Zilkens Newsblog

Shepard Fairey 2019, gesehen in Tallin, Photo Stephan Zilkens
Shepard Fairey 2019, gesehen in Tallin, Photo Stephan Zilkens
Portraitfoto von Dr. phil. Stephan Zilkens

Stephan Zilkens

Newsblog 36. KW 2026

Traurige Nachrichten zuerst - Carolin Scharpff-Striebich hat ihren Kampf gegen den Krebs verloren. Sie hat vielen Kunstinitiativen ihre Kraft und Stimme verliehen. Auch dem Kunstsammler e.V., der Ludwig-Stiftung und den Kunstfreunden in Bonn. Ihre zurückhaltende Art, bei gleichzeitiger klarer Fokussierung auf das Notwendige werden wir vermissen. Wir trauern mit Ihrer Familie.

Es wird wieder vermehrt aus Museen gestohlen - Manchmal noch mit klassischer Manier nach den Dächern über Nizza, aber auch brutal während der Öffnungszeiten. Zuletzt hat es das MAK in Wien erwischt, dass vor Jahren das MAK in Köln wegen der Verwechslungsgefahr der Abkürzung gezwungen hat sich MAKK zu nennen, weil ihm am helllichten Tag zwei männliche Wesen, die aus, nach den veröffentlichten Photos zu schließen, durchaus aus dem Gebiet der alten KuK Monarchie kommen könnten, ein Diamantcollier aus der Sammlung van Cleef&Arpels mit 41 Hammerschlägen aus einer Vitrine entwendet haben und die Zivilcourage der Besucher durch Herzeigen einer Waffe in Schach gehalten hatten. Die Versicherungswirtschaft stellt sich auf einen Schaden von ca. 5 Mio. EUR ein. Die einzelnen Steinchen dürften in der Vermarktung nur einen Bruchteil bringen.

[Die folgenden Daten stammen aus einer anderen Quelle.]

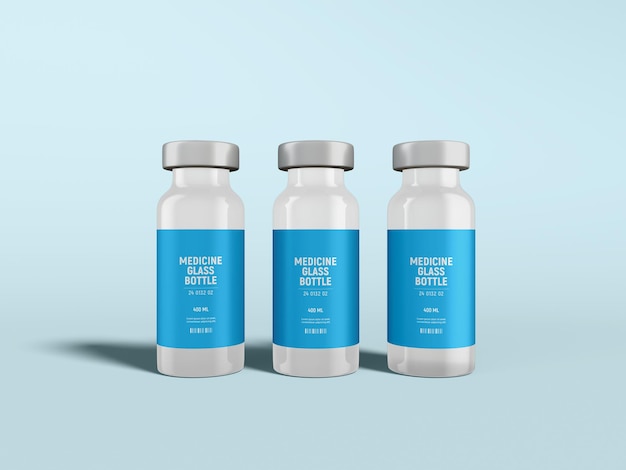 Glass Vaccine Vial Packaging Mockup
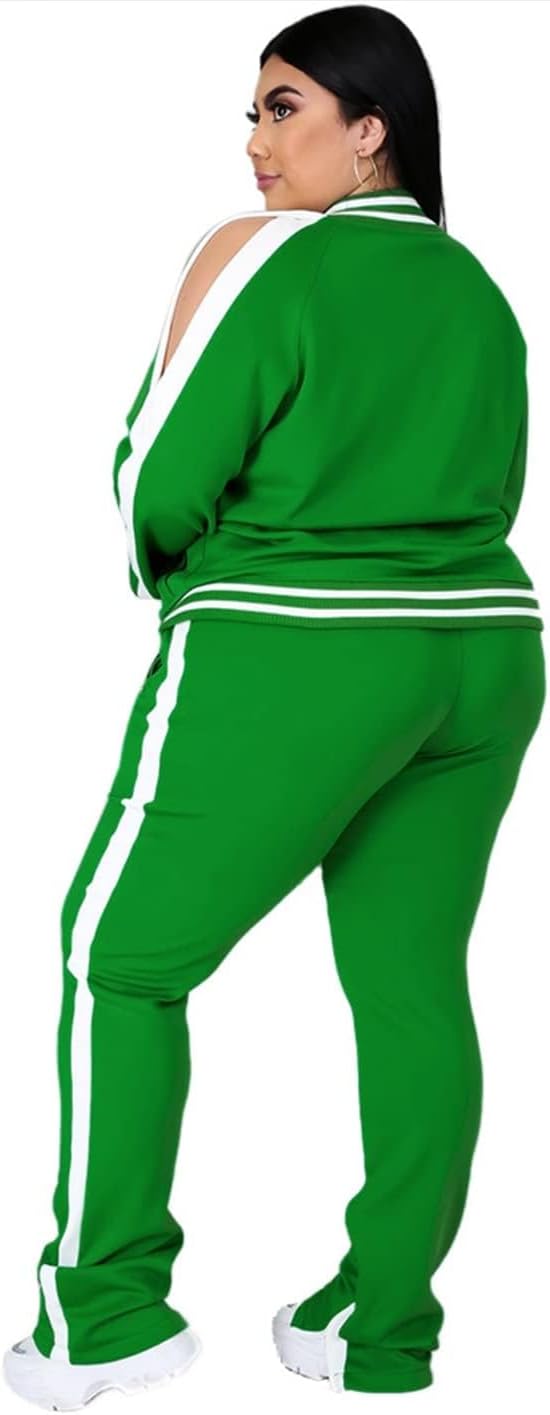 Womens Jogging Suits Plus Size Tracksuit Stripe Jackets Sweatpants 2 Piece Sweatsuits Set - Image 3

Vilnius - haben wir ja gerade besucht- besticht wohl auch durch eine sehr schlanke, aber funktionierende Verwaltung. Gerade mal 1.100 Menschen arbeiten darin, um die Bedürfnisse von 600.000 Menschen zu administrieren. Klar, wir wissen nicht welche Funktionen nicht da rein gerechnet werden - aber ein Blick z.B. auf Köln sei dann doch erlaubt, wo ca. 25.000 Menschen mit einer Krankenquote über 10% die Geschicke von ca. 1,1 Mio. Menschen … - ja was eigentlich? erleichtern kann man jedenfalls nicht sagen. Aber Köln steht damit nicht allein. Wir sind überreguliert und überadministriert. Wohnungsbau ist auch deshalb teuer, weil dieVorschriften zum Brandschutz, Klimaschutz, Lärmschutz, Umweltschutz, Energieschutz, Tierschutz und was auch sonst noch wichtig sein mag Prozesse und Kosten mehr als verdreifachen. Addiert man dazu die Phantasien von Enteignung von Wohnungseigentum muss man sich nicht wundern. Wer 1990 in Halle an der Saale war, weiß, wie heruntergekommene Bauten in öffentlichem Besitz aussehen, riechen und verrotten. Da fand man eine hellhörige Plattenbauwohnung als Geschenk.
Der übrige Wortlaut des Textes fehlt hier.